### Problem
Restate word for word the lines below, from the one containing "Butik, Japon Style, Çizgili" through the final line, with no pictures included.

___ Dataset section

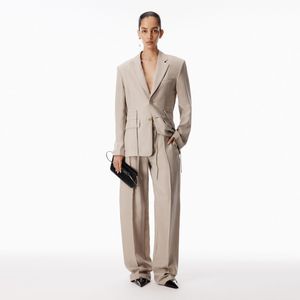 Alexander Wang Natural Drawcord Mid-Rise Tailored Pant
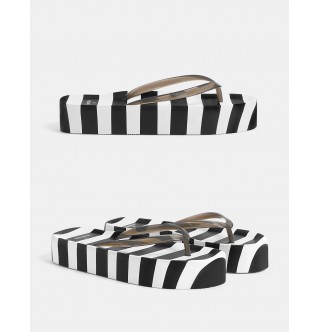 Butik, Japon Style, Çizgili platform sandalet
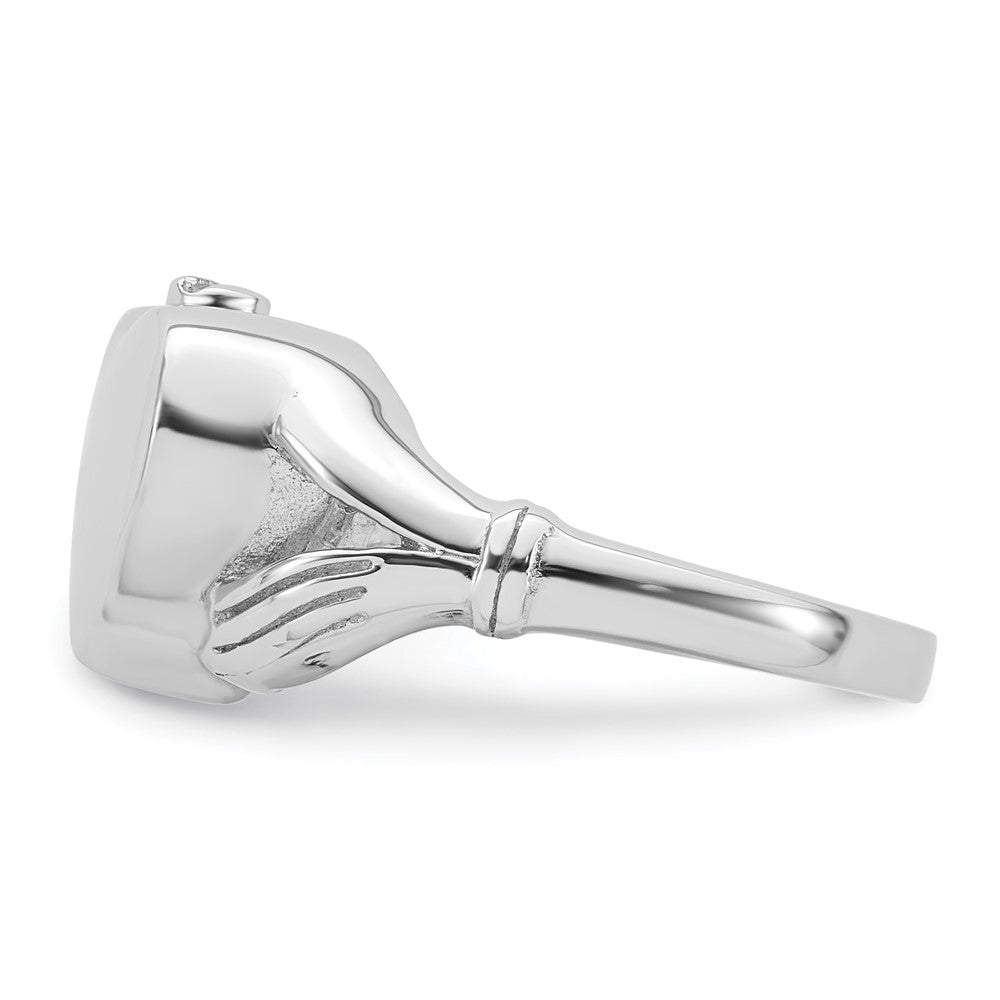 Sterling Silver Rhodium-plated Polished Claddagh Heart Ash Holder Size 7 Ring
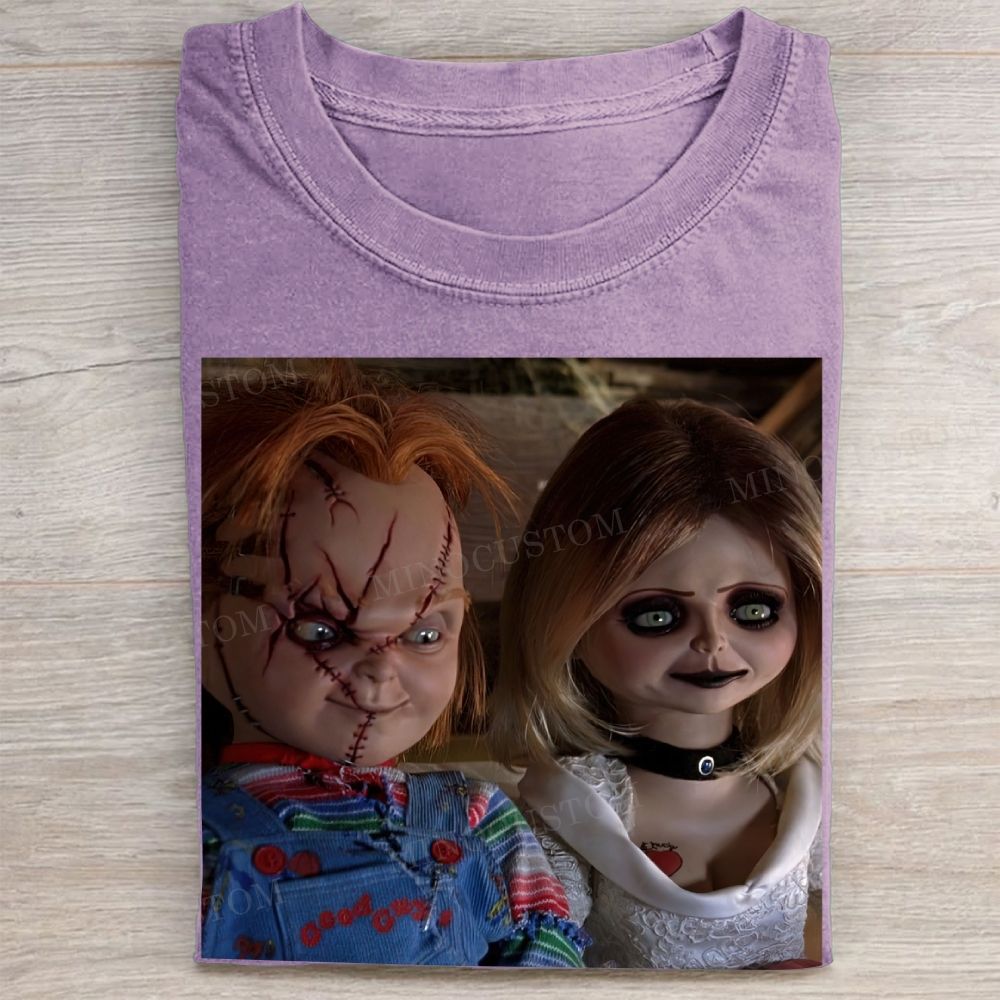 Horror Doll Couple Vintage Washed Tee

______

### Answer to this task
 Butik, Japon Style, Çizgili platform sandalet
 Sterling Silver Rhodium-plated Polished Claddagh Heart Ash Holder Size 7 Ring
 Horror Doll Couple Vintage Washed Tee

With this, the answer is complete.